How Early Should I Start Writing My Paper?

It’s best to start at least three to four months before the deadline. This gives you enough time to refine experiments, polish your writing, and handle formatting. Rushing at the last moment usually leads to mistakes.

Do Conferences Accept Papers With Negative Results?

Yes, if the results are explained clearly and backed by strong experiments. Negative results still add value by showing what doesn’t work. Reviewers often appreciate honesty when it highlights important limits or directions for future work.

Can I Reuse Figures or Text From My Previous Work?

You can reuse your own material if it’s cited and not under review elsewhere. Always check copyright rules from publishers before reusing figures. Avoid copying large parts of text, rephrase and update to keep it fresh.

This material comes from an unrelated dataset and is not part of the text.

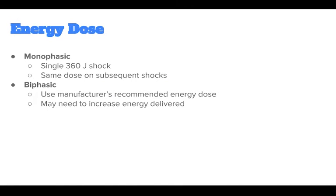The appropriate energy dose is determined by the design of the defibrillator — monophasic or biphasic. If you are using a monophasic defibrillator, give a single 360 joule shock, and use the same energy dose on subsequent shocks.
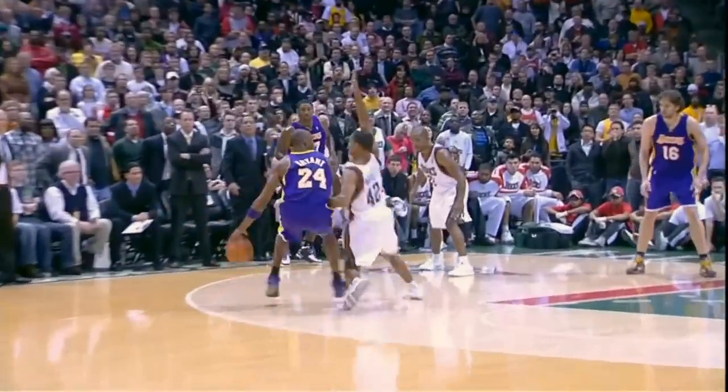Bryant leads, falling away, puts it in! Three seconds — Kobe backs down Bell, a step-back fade, he got it at the buzzer! Amazing.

Should I Share My Code Publicly Before the Conference?

It depends on the conference policy and your comfort level. Some venues encourage sharing after acceptance, not before. A good middle ground is preparing clean code privately and releasing it once the paper is officially published.

What Happens If I Miss the Submission Deadline?

Conferences rarely allow late submissions, no matter the reason. Once the portal closes, it’s usually final. That’s why planning early and uploading a few days in advance is the safest approach.

How Important Are Reviewer Comments After Rejection?

Reviewer feedback is often more valuable than it seems. Even if your paper gets rejected, the comments highlight weaknesses and possible improvements. Using them carefully can help you prepare a stronger version for the next conference.

Can I Turn My Conference Paper Into a Journal Article?

Yes, many researchers expand their conference papers into journal articles. The journal version usually includes more experiments, deeper analysis, and stronger discussions. Just make sure it offers enough new content beyond the original paper.

Concluding Words

Writing for robotics conferences is about more than results; it’s about clarity, structure, and presenting your work in a way others can easily understand. A well-written paper shows both your technical skill and your ability to communicate clearly.

The core of how to write a paper for a robotics conference comes down to careful planning. Pick a relevant topic, support it with meaningful experiments, and follow formatting rules. Adding strong visuals and refining your draft makes a huge difference.

By focusing on structure, evidence, and clear presentation, your paper can stand out in competitive conferences. Use the tips and templates shared here to prepare with confidence and give your research the best chance of recognition.